→ **WORK ITEM**: Every entry should be repeated exactly. Omit the pictures.

→ **INPUT**:
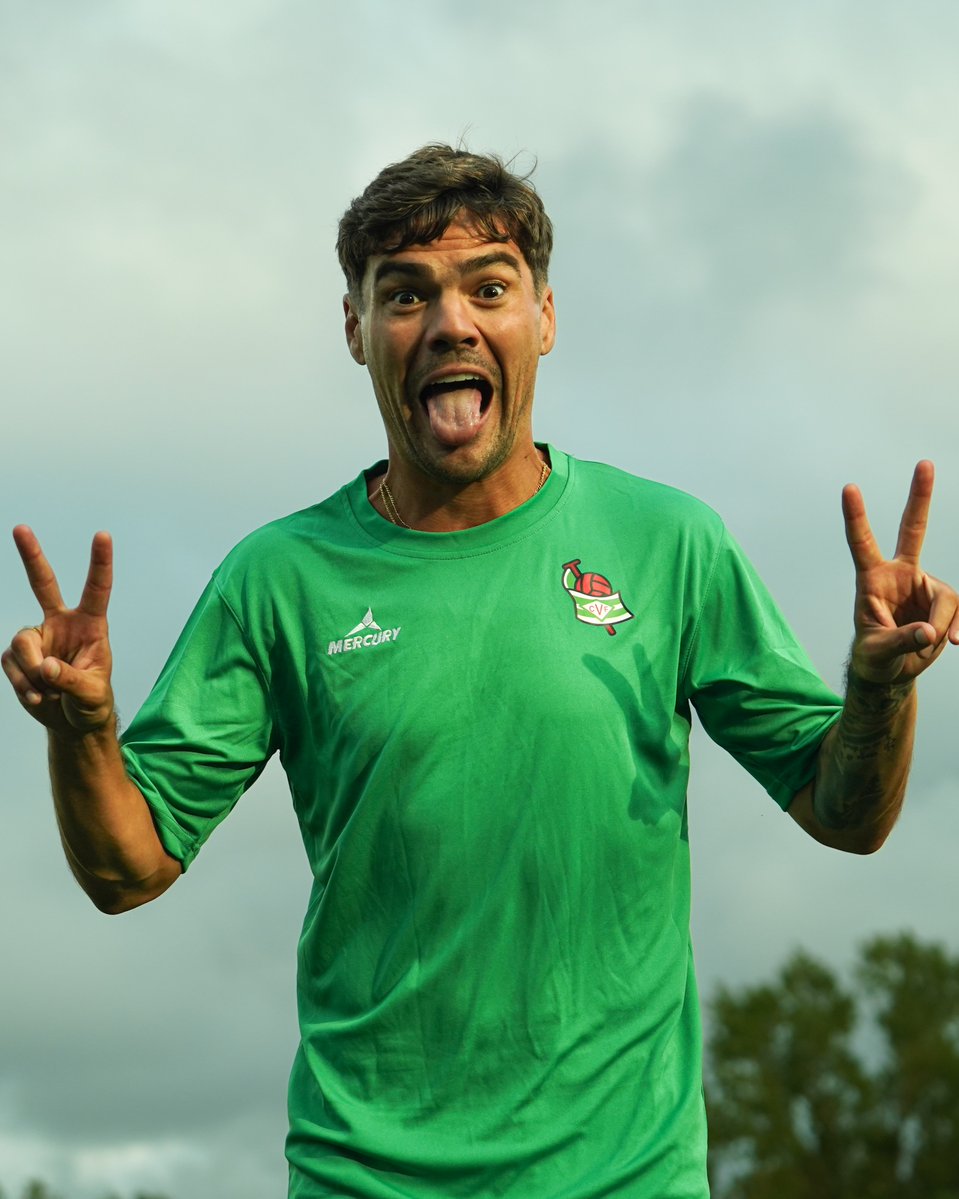 Mucho trabajo, mucho cansancio, muchas carreras...pero siempre con una sonrisa! 😁

¡𝐕𝐚𝐦𝐨𝐬 𝐕𝐢𝐦𝐞! 💚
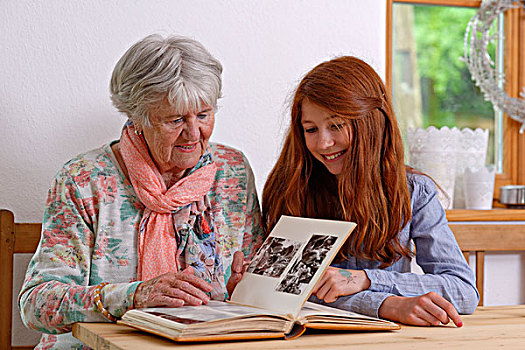 孙女,祖母,看,相册,巴伐利亚,德国,欧洲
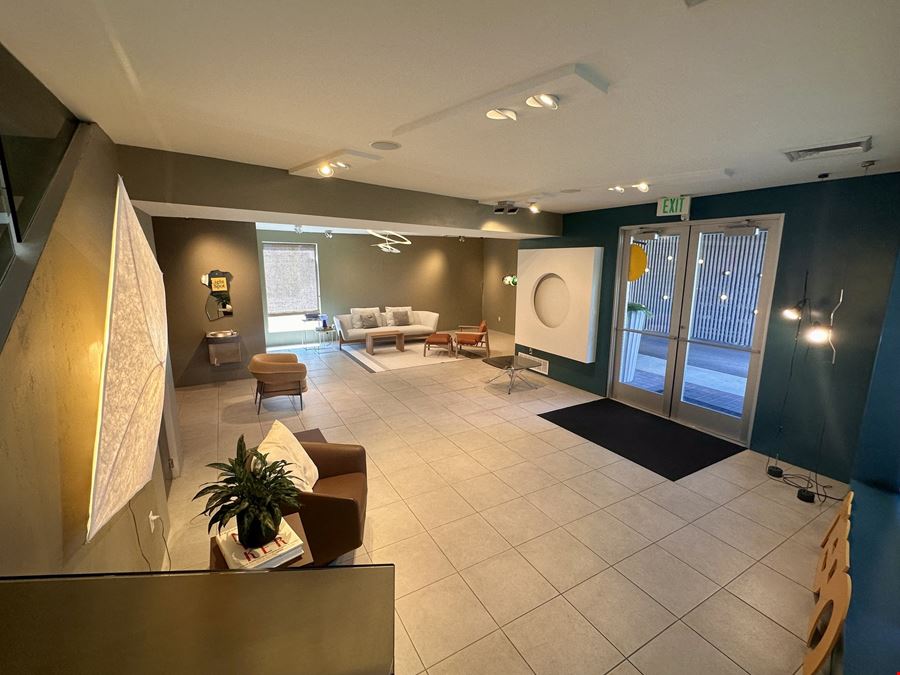 Freestanding Highland Dr. Office/Retail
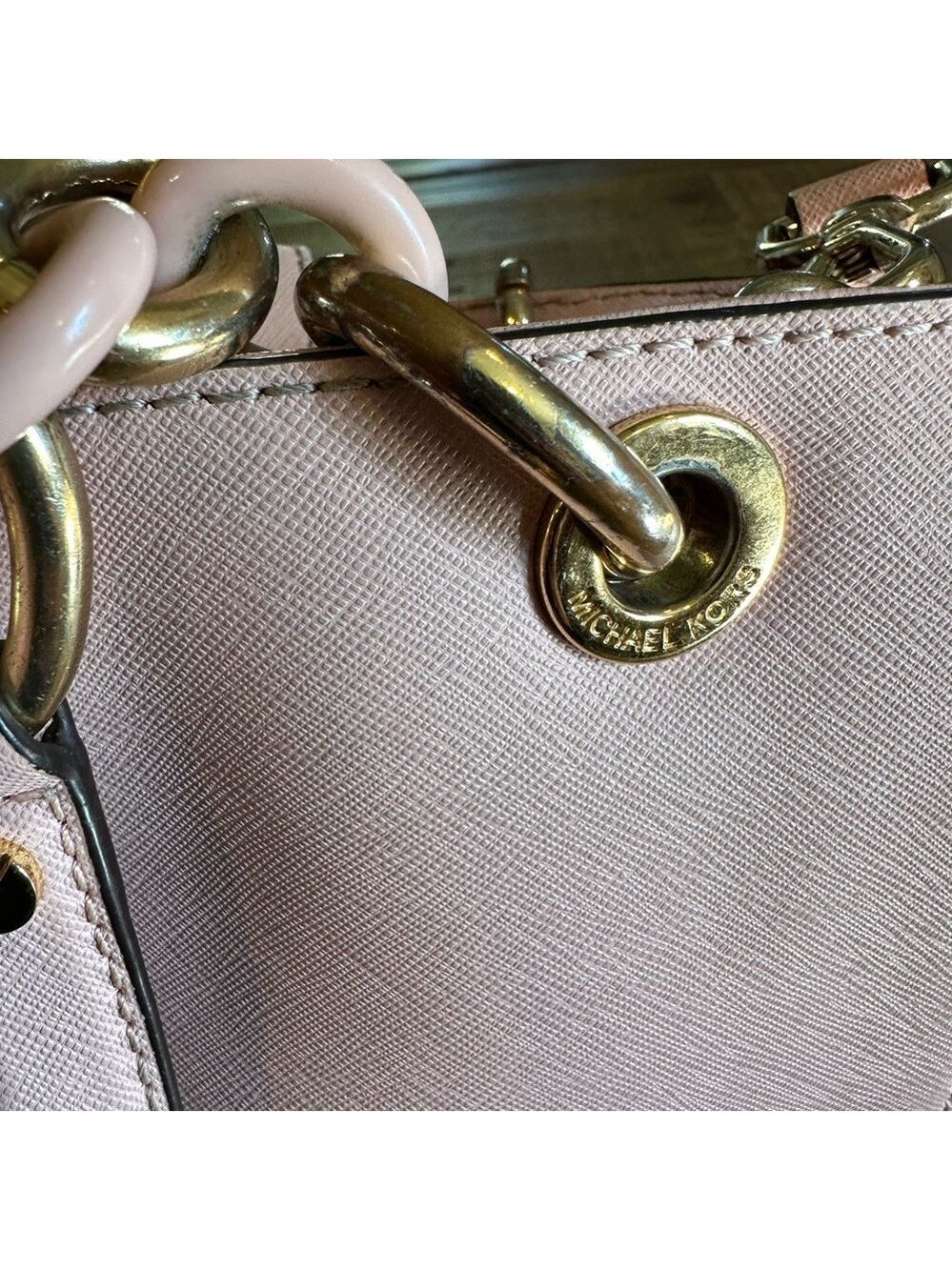 Michael Kors Cynthia Ballet Pink Leather Crossbody Bag - Picture 6 of 8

→ **EXPECTED OUTPUT**:
 Mucho trabajo, mucho cansancio, muchas carreras...pero siempre con una sonrisa! 😁

¡𝐕𝐚𝐦𝐨𝐬 𝐕𝐢𝐦𝐞! 💚
 孙女,祖母,看,相册,巴伐利亚,德国,欧洲
 Freestanding Highland Dr. Office/Retail
 Michael Kors Cynthia Ballet Pink Leather Crossbody Bag - Picture 6 of 8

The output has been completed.